I was so proud of getting myself a 50-cent raise instead of settling for just 25 cents, I was telling everyone about it!
And right now, I’m look back on the memory of that — and I’m trying to track down the exact feeling of it. I just keep thinking that I’m a little bit sad over it. Like, I will never be so fucking happy over such a little amount of money ever again. Like, I will never have all of this unencumbered time and vibrant energy to terrorize the fuck out of a middle-aged white man who, frankly, was just probably doing his job to the letter, non-exceptionally. I will never approach money in such a pure and innocent way ever again.
Like, there is a bit of loss here.
I regret that I didn’t savor it more. I think I did that thing that everyone who is 20 years old does — I kept looking forward and trying to transition to my future state unnaturally fast. And I didn’t understand how lovely it would have been, to linger and really be in those moments of flaw.

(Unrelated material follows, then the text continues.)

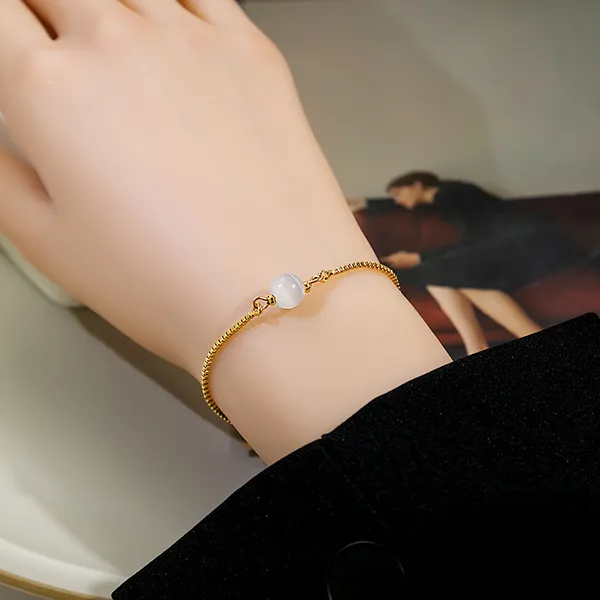 Anti_Tarnish_gold_draw_pearl_zircon_Stainless_Steel_bracelet_For_Girls_&_Women,_Stylish_Western_wear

Like, I’m telling you this story, and I am cracking myself up. Because the more and more I force myself to recall the details, the more and more I realize how ridiculously hilarious I was at 20 years old. I realize how much fun I was having and how much learning I was subconsciously doing back then.
But the thing is, when I was 20, I didn’t think I was being hilarious at all. I didn’t think I was learning shit because I thought I already knew it all. I thought I was an adult, and I took myself super seriously.
And this should totally be a lesson I take and apply to the present, because in the present, I take myself very seriously all the time. And I really need be better at stopping myself in the middle of terrorizing someone to be like, “Hey, Stace, enjoy this, okay? Stop and smell the roses a bit right now.”
I just don’t want to be 60 years old, looking back on now, and feeling like I was so busy anticipating the future that I didn’t ever let myself enjoy the present, you know?
This is amazing. I too felt the injustice of a $0.25 pay raise courtesy of McDonald's when I was 16. I think it was my first realization that just being good at your job and following the rules didn't mean SHIT. I totally forgot what a blow that was until I read this! In retrospect, a great life lesson that I am honestly still learning because I seriously still feel I am special lol.